Up until that point, we had been receiving frequent complaints about local builds hanging for dozens of minutes, even half an hour. Unfortunately, we had no visibility on what happened on other people’ machines. Given that we were actively working on improving our build system— including migrating the tools, troubleshooting build issues, optimizing some build pipelines etc— it became clear that we were missing a proper monitoring system to support these works. This is when we decided to run a POC with Develocity, the tool that could address all our needs.

Develocity, formerly known as Gradle Enterprise, is a tool that helps monitor all your builds, either CI or local.

This tool firstly opened a ways simpler approach to debug build cache missing issue. By utilizing this, we discovered numerous other cache misses across different scenarios and resolved them, which ultimately generate an approximate 30%🚀🚀 reduction in build times across all pipelines.
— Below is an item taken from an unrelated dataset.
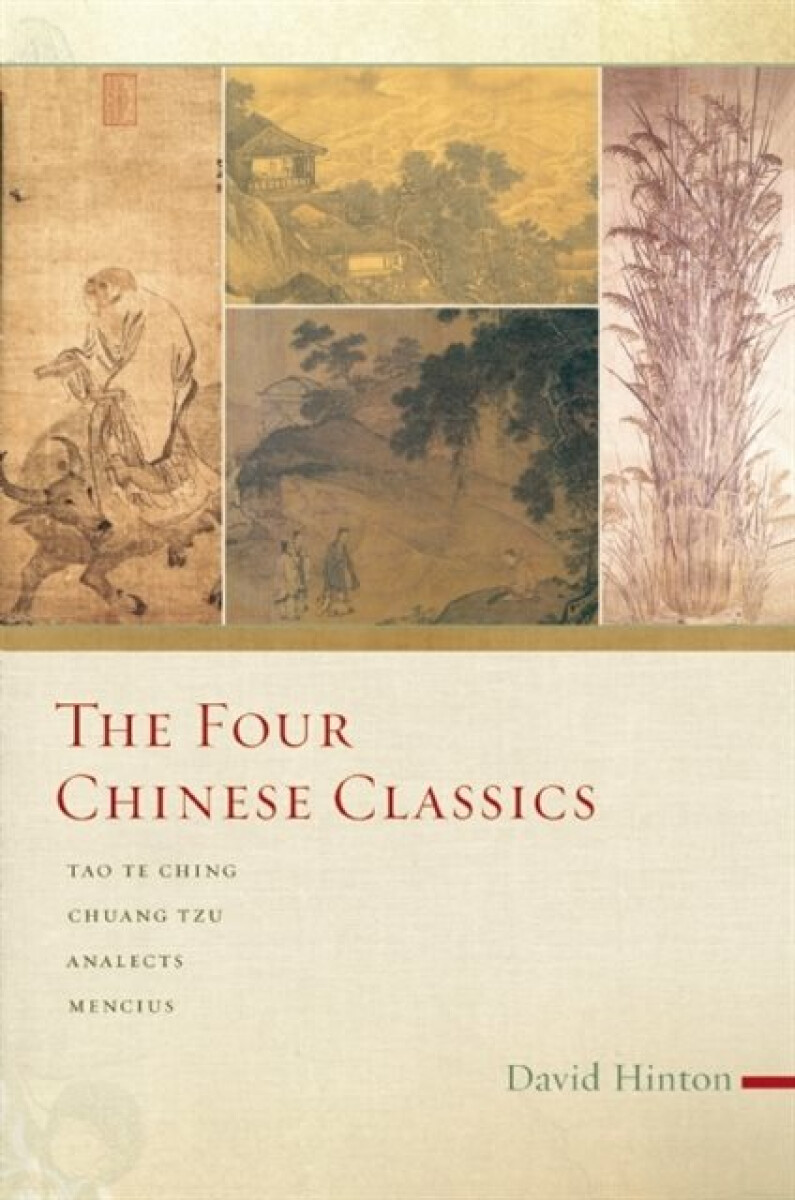 Kniha Four Chinese Classics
In general, we use Develocity to:

Monitor builds and to get a holistic view about system’s heath: both in local and in CI.
Improve unit tests speed as well as quality with Predictive Test Selection and Flaky Test features.
Investigate issues more effectively. For example, by looking at some of the longest local builds, we found out that the hanging build issue often comes from dependencies fetching— usually due to people not being connected to the company VPN, since some dependencies are hosted in our internal artifactories.
Identify areas for improvement. I have a great example about this that I will talk about in very shortly.
Validate our solutions. With comprehensive build metrics, it's easy to back up changes with clear data—whether it's through simple charts or key numbers.

Build regression pipeline 😎

The example above shows how impactful a cache miss is to the build. That’s why it’s important not only to resolve existing cache misses, but also prevent new ones from getting introduced into the project. Investigating cache misses is time-consuming and we definitely don’t want to do it regularly. Hence, having recurring jobs to run the build validation scripts will help automatically detect cache misses early, ensuring the quality and reliability of our build cache over time.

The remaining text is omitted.